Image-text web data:
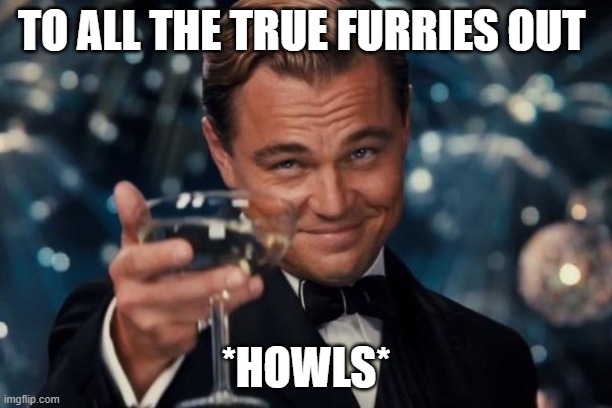 Leonardo Dicaprio Cheers | TO ALL THE TRUE FURRIES OUT; *HOWLS* | image tagged in memes,leonardo dicaprio cheers | made w/ Imgflip meme maker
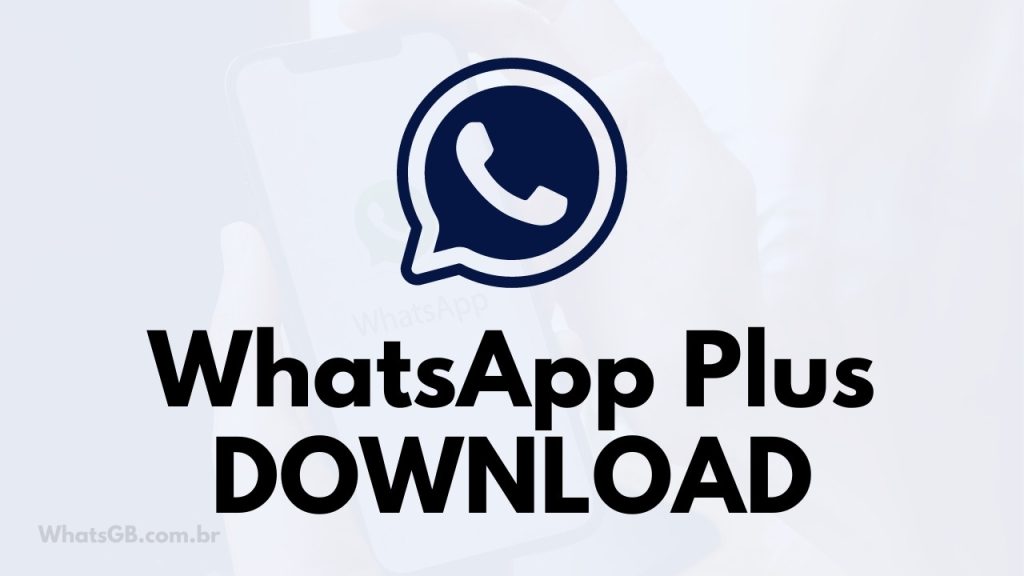 WhatsApp Plus Download 2022
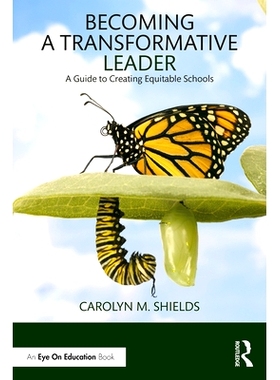 预订 Becoming a Transformative Leader: A Guide to Creating Equitable Schools 成为变革型*：建立公平*指南（平装）:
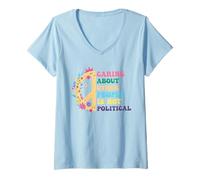 Mujer preocuparse por otras personas no es político Derechos Humanos Camiseta Cuello V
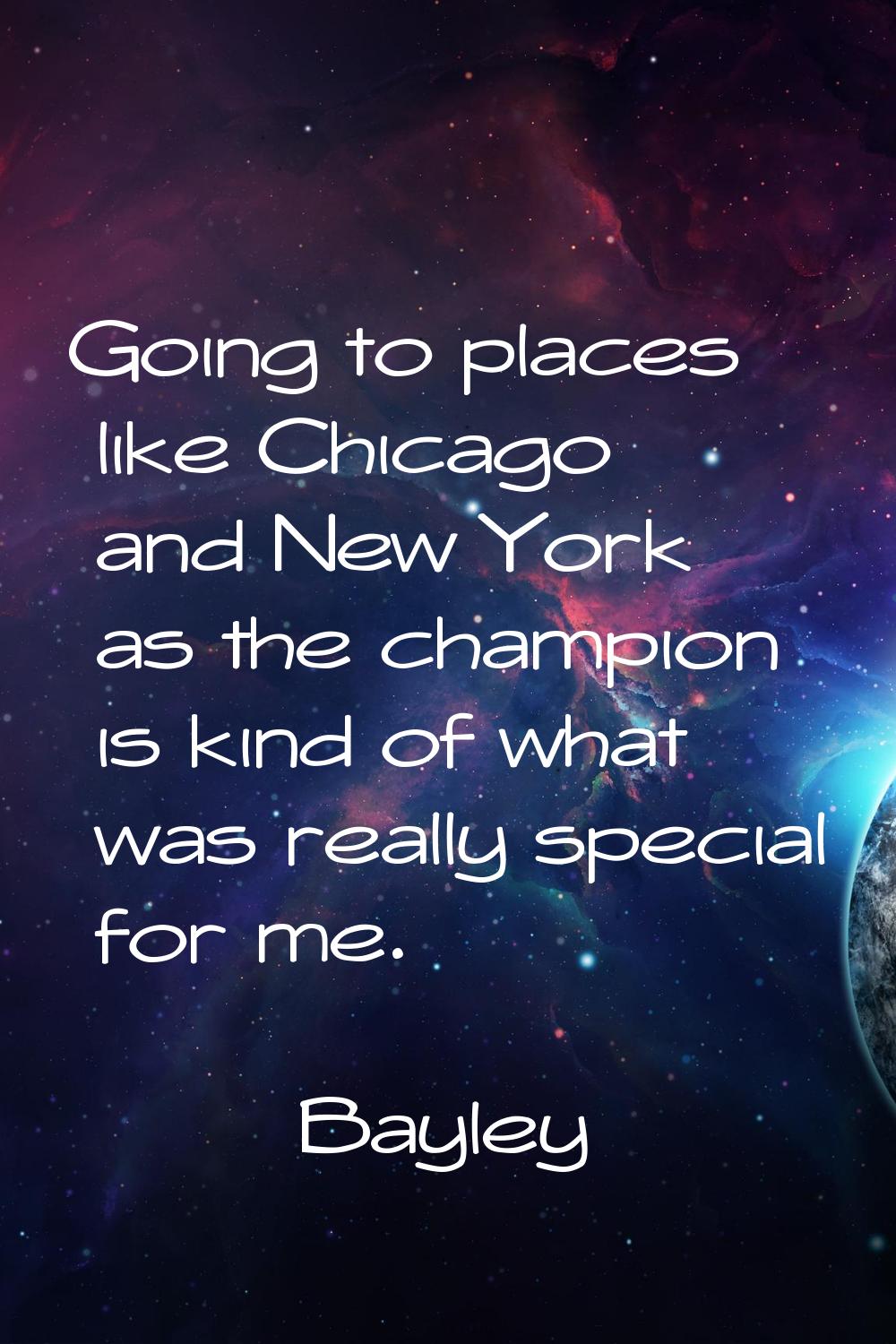Going to places like Chicago and New York as the champion is kind of what was really special for me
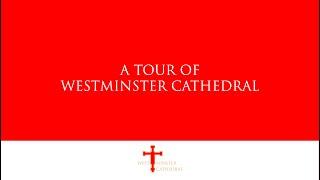 A Tour Of Westminster Cathedral | Episode 1 of 6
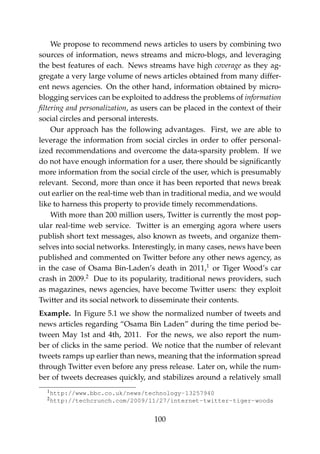 We propose to recommend news articles to users by combining two
sources of information, news streams and micro-blogs, and leveraging
the best features of each. News streams have high coverage as they ag-
gregate a very large volume of news articles obtained from many differ-
ent news agencies. On the other hand, information obtained by micro-
blogging services can be exploited to address the problems of information
ﬁltering and personalization, as users can be placed in the context of their
social circles and personal interests.
Our approach has the following advantages. First, we are able to
leverage the information from social circles in order to offer personal-
ized recommendations and overcome the data-sparsity problem. If we
do not have enough information for a user, there should be signiﬁcantly
more information from the social circle of the user, which is presumably
relevant. Second, more than once it has been reported that news break
out earlier on the real-time web than in traditional media, and we would
like to harness this property to provide timely recommendations.
With more than 200 million users, Twitter is currently the most pop-
ular real-time web service. Twitter is an emerging agora where users
publish short text messages, also known as tweets, and organize them-
selves into social networks. Interestingly, in many cases, news have been
published and commented on Twitter before any other news agency, as
in the case of Osama Bin-Laden’s death in 2011,1
or Tiger Wood’s car
crash in 2009.2
Due to its popularity, traditional news providers, such
as magazines, news agencies, have become Twitter users: they exploit
Twitter and its social network to disseminate their contents.
Example. In Figure 5.1 we show the normalized number of tweets and
news articles regarding “Osama Bin Laden” during the time period be-
tween May 1st and 4th, 2011. For the news, we also report the num-
ber of clicks in the same period. We notice that the number of relevant
tweets ramps up earlier than news, meaning that the information spread
through Twitter even before any press release. Later on, while the num-
ber of tweets decreases quickly, and stabilizes around a relatively small
1http://www.bbc.co.uk/news/technology-13257940
2http://techcrunch.com/2009/11/27/internet-twitter-tiger-woods
100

## Work to be completed
Lines from the one above containing "Going to places" down to the one containing "more information from" should be transcribed exactly, with both ends kept and no pictures.

## Task answer
Going to places like Chicago and New York as the champion is kind of what was really special for me
 A Tour Of Westminster Cathedral | Episode 1 of 6
 We propose to recommend news articles to users by combining two
sources of information, news streams and micro-blogs, and leveraging
the best features of each. News streams have high coverage as they ag-
gregate a very large volume of news articles obtained from many differ-
ent news agencies. On the other hand, information obtained by micro-
blogging services can be exploited to address the problems of information
ﬁltering and personalization, as users can be placed in the context of their
social circles and personal interests.
Our approach has the following advantages. First, we are able to
leverage the information from social circles in order to offer personal-
ized recommendations and overcome the data-sparsity problem. If we
do not have enough information for a user, there should be signiﬁcantly
more information from the social circle of the user, which is presumably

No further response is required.